5 Ranks: You remain alert to sounds even in your sleep, and the normal DC increase to Perception checks when you are sleeping is halved. The distance modifier on the DC of Perception checks you attempt is reduced to +1 per 20 feet.

10 Ranks: The distance modifier on the DC of Perception checks you attempt is reduced to +1 per 30 feet. In addition, you gain a +5 bonus on Perception checks to notice or locate an invisible creature or object.

15 Ranks: You remain alert to sounds even in your sleep, and the normal DC increase to Perception checks when you are sleeping doesn’t apply to you. The distance modifier on the DC of your Perception checks is reduced to +1 per 40 feet.

20 Ranks: You gain a +10 bonus on Perception checks to notice invisible creatures or objects. The distance modifier on the DC of Perception checks you attempt is reduced to +1 per 60 feet.

FYI…

[Source]

The trap spotter rogue talent is a good way to gain an auto-spot ability for traps in the game. Normally, you don’t automatically spot traps like this.
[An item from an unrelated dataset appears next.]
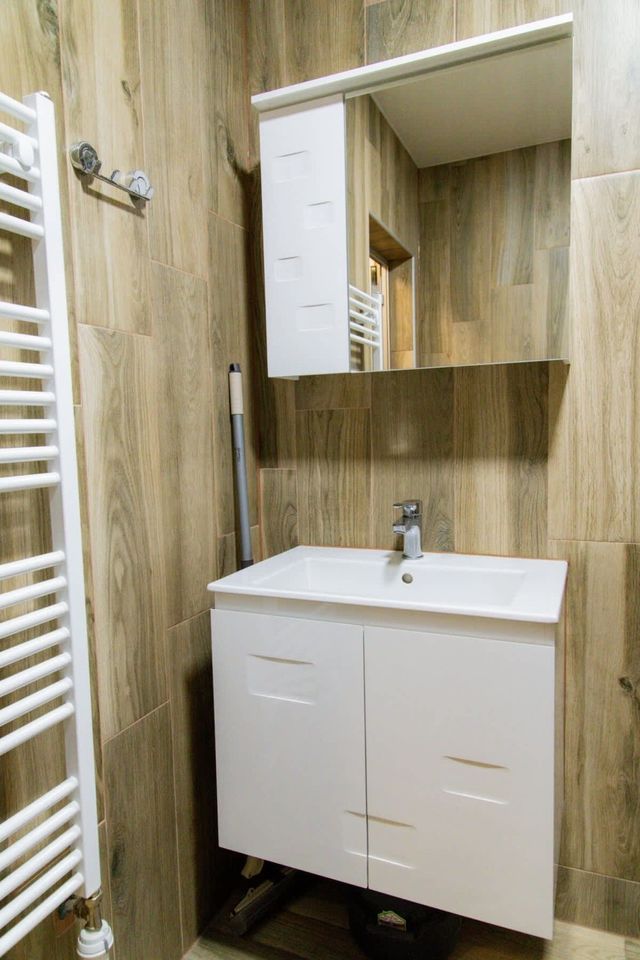 1BD Retreat with Balcony in Vibrant Varna District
A player has to specifically state that they’re looking for traps.

Get Organized!

[Source]

The following information is not official in terms of general campaign usage. It is copied from the Pathfinder Society Organized Play FAQ section of the Paizo website because we thought it might be helpful information for a player or GM in adjudicating common problems or questions. Usage is up to the GM of your game.

What does a deaf PC (or other creature) need to do in order to read lips?

Any PC may learn to read lips with a rank in Linguistics as if they had learned a new language. When reading the lips of a speaking creature within 10 feet in normal lighting conditions, the reader need not make any skill checks. In situations of dim lighting, extreme distances, or to read the lips of someone trying to hide their words from the reader, the reader must make Perception checks (DC determined by the GM based on the situation). A lip reader may only understand spoken words in a language it knows.

Unofficial Extras!

The following rules ideas are from publishers other than Paizo. Use at your discretion!

Below are several additional ways to use Perception.

Listen Underwater: The DC to hear a sound at a distance underwater increases more slowly than it does in air because sound travels better underwater, although water conditions can make the rate change from place to place and time to time. Typically, however, the DC is increased by +1/50 feet.

Listen Through Soil: The DC to hear a sound when both the listener and the source of the sound are in direct contact with the earth increases much more slowly with distance than it does in air. The DC is increased by only +1/400 feet.

Pinpoint Sound: If you exceed the Perception DC to hear a sound by 20, you pinpoint the source of the sound, learning the exact space the sound came from.

If you cannot see the sound’s source, it still has total concealment against your attacks.